Appeal asks state BLM director to let leases expire
By Summit Voice
FRISCO — Conservation advocates are challenging a decision by the Bureau of Land Management to extend the life of several oil and gas leases in the Thompson Divide area of Colorado’s White River National Forest.
“Sometimes BLM needs to just say no to the oil and gas industry,” said Earthjustice attorney Michael Freeman. “If we can’t keep energy development out of a place like the Thompson Divide, what part of Colorado is safe? We can meet our energy needs in responsible fashion without destroying our most important public lands,” Freeman said.
The Thompson Divide covers more than 200,000 acres near Carbondale, Colorado, and includes no fewer than nine different roadless areas. The Divide consists primarily of mid-elevation forest lands that provide important habitat for a variety of wildlife and threatened plant species. The area is also an important part of the region’s ranching and recreational economy.
In late March, Sen. Michael Bennet (D-CO) introduced legislation that would withdraw unleased public minerals in the area from future oil and gas development while preserving existing private property rights for current leaseholders. It also creates an opportunity for existing leases to be retired should they be donated or sold by willing owners. The bill was drafted at the request of local governments and following a series of conversations Bennet held with leaseholders, elected officials, and community leaders.
The BLM issued a series of oil and gas leases blanketing the Thompson Divide during the Bush Administration, including the 25 leases at issue in the appeal, spread across a big chunk of the Thompson Divide and in designated roadless areas.
The leases are due to expire this year, but the two companies holding the leases asked BLM to extend the lives of the leases by suspending them. Suspension stops the 10-year clock, artificially extending the period that the companies may hold the leases.

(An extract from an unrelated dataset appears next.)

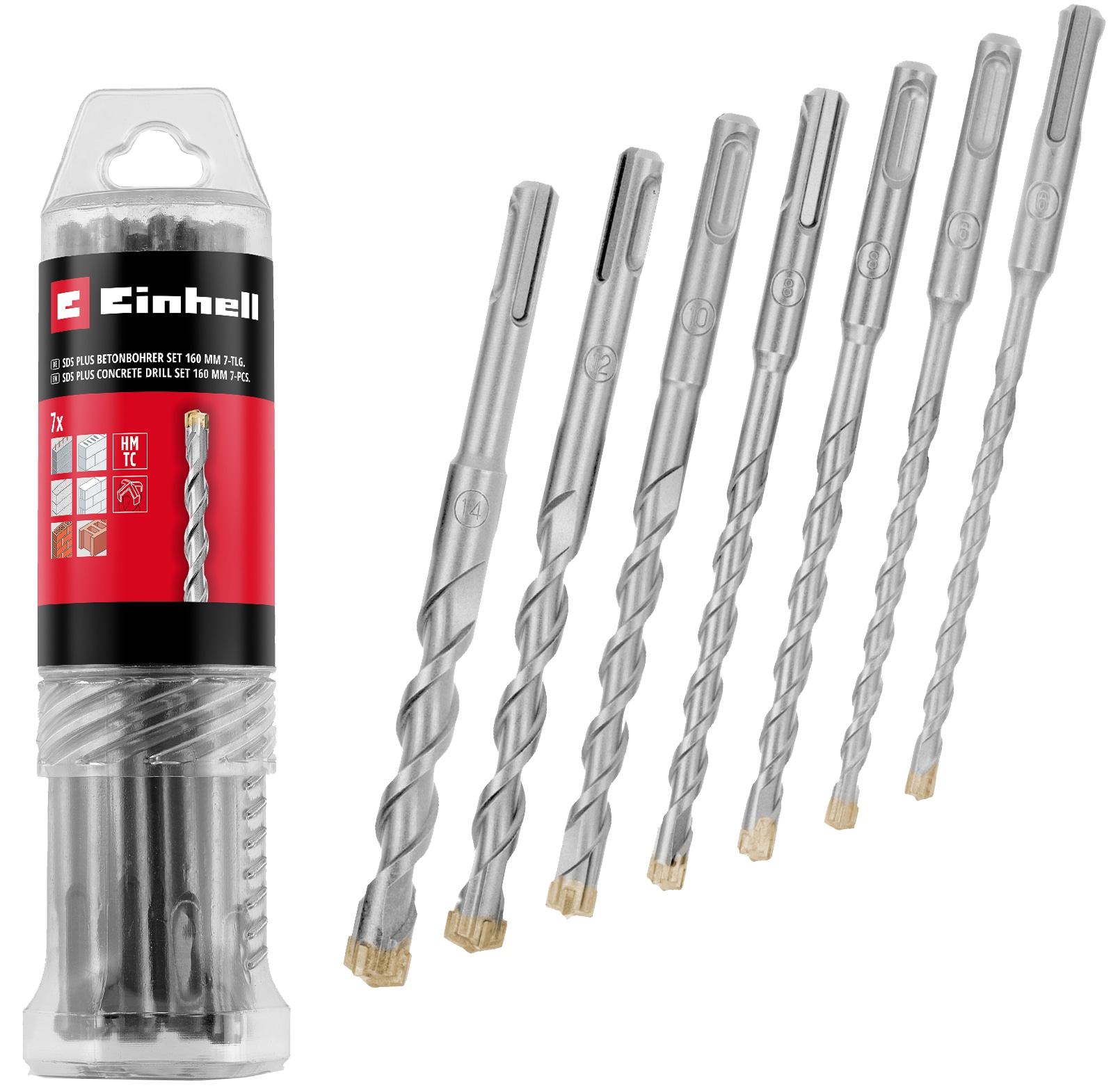 EINHELL SDS-Plus Hammerbohrer-Set 265510, 6-14 mm, 160 mm, 7-teilig EINHELL SDS-Plus Hammerbohrer-Set 265510, 6-14 mm, 160 mm, 7-teilig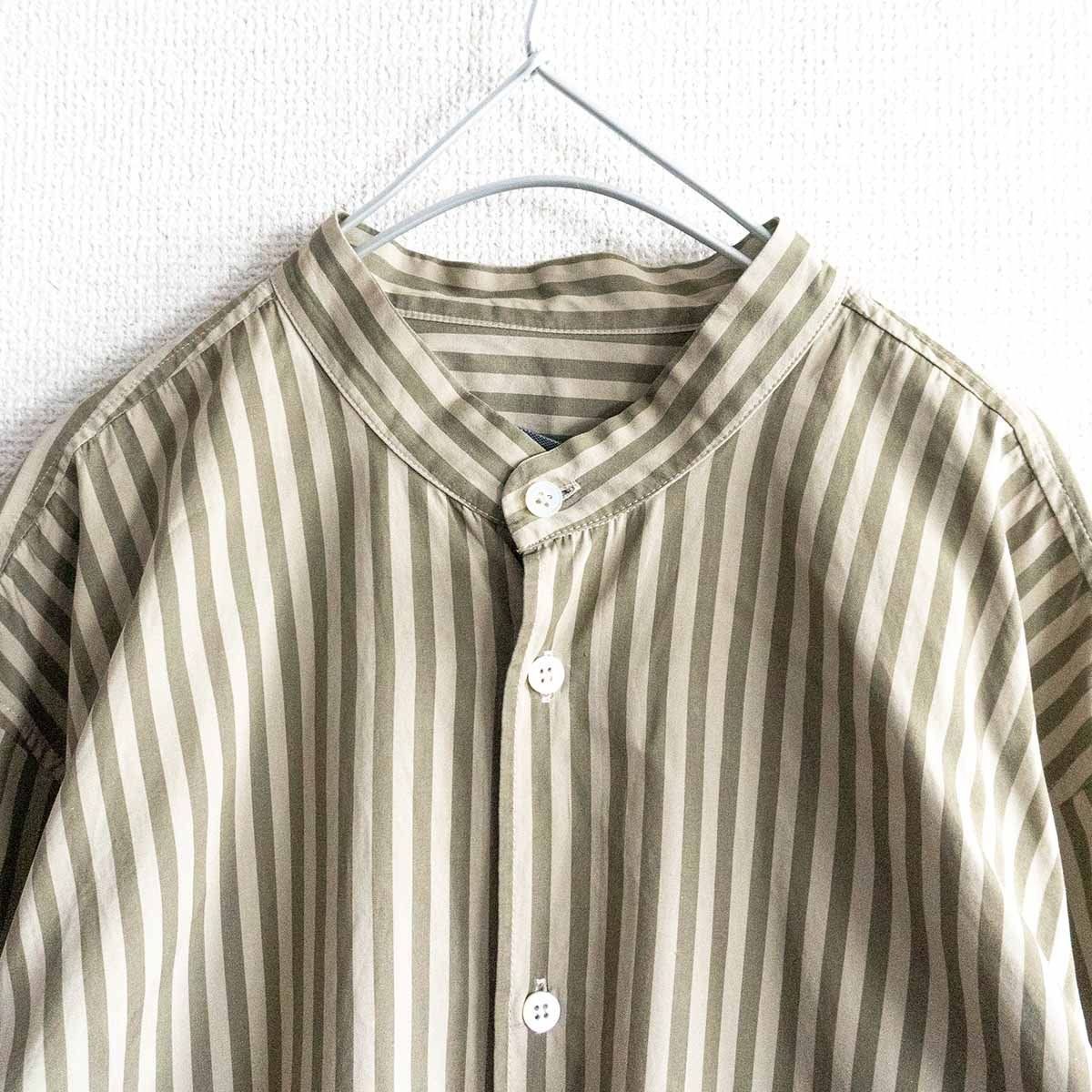 極美品】CristaSeya 【Striped Cotton Mao Shirt】M クリスタセヤ ...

Specifically, the appeal says the BLM failed to follow its own regulations when it approved the suspension.
“Suspending the leases was wrong,” said Peter Hart of Wilderness Workshop. “BLM bailed out these two companies by extending leases that it admits were issued in violation of the law and that hadn’t been diligently developed. The decision doesn’t comply with agency regulations, snubs the existing values and uses in the Divide, and ignores the will of local communities and the thousands of people from around the nation who asked BLM to let the illegal leases expire.”
When considering the suspension request, BLM found that the leases were sold in violation of the National Environmental Policy Act.
“BLM should hold the energy companies to the terms of their lease contracts,” said Freeman. “It’s the right thing to do legally, and it’s the right result for the Thompson Divide.”